Askary Amjad, Masoudi-Nejad Ali, Sharafi Roozbeh, Mizbani Amir, Parizi Sobhan Naderi, Purmasjedi Malihe
Laboratory of Systems Biology and Bioinformatics (LBB), Institute of Biochemistry and Biophysics and COE in Biomathematics, University of Tehran, Tehran, Iran.
Genes Genet Syst. 2009 Dec;84(6):425-30. doi: 10.1266/ggs.84.425.

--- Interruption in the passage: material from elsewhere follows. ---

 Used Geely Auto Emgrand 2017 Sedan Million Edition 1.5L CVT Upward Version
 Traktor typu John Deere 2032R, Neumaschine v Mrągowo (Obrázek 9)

Promoters, the genomic regions proximal to the transcriptional start sites (TSSs) play pivotal roles in determining the rate of transcription initiation by serving as direct docking platforms for the RNA polymerase II complex. In the post-genomic era, correct gene prediction has become one of the biggest challenges in genome annotation. Species-independent promoter prediction tools could also be useful in meta-genomics, since transcription data will not be available for micro-organisms which are not cultivated. Promoter prediction in prokaryotic genomes presents unique challenges owing to their organizational properties. Several methods have been developed to predict the promoter regions of genomes in prokaryotes, including algorithms for recognition of sequence motifs, artificial neural networks, and algorithms based on genome's structure. However, none of them satisfies both criteria of sensitivity and precision. In this work, we present a modified artificial neural network fed by nearest neighbors based on DNA duplex stability, named N4, which can predict the transcription start sites of Escherichia coli with sensitivity and precision both above 94%, better than most of the existed algorithms.
启动子是转录起始位点(TSSs)附近的基因组区域,通过作为RNA聚合酶II复合物的直接对接平台,在决定转录起始速率方面发挥着关键作用。在后基因组时代,正确的基因预测已成为基因组注释中最大的挑战之一。不依赖物种的启动子预测工具在宏基因组学中也可能有用,因为对于未培养的微生物,转录数据是不可用的。由于原核生物基因组的组织特性,原核生物基因组中的启动子预测面临独特的挑战。已经开发了几种方法来预测原核生物基因组中的启动子区域,包括识别序列基序的算法、人工神经网络以及基于基因组结构的算法。然而,它们都不能同时满足灵敏度和精度这两个标准。在这项工作中,我们提出了一种基于DNA双链稳定性的最近邻喂养的改进人工神经网络,名为N4,它可以预测大肠杆菌的转录起始位点,灵敏度和精度均高于94%,优于大多数现有算法。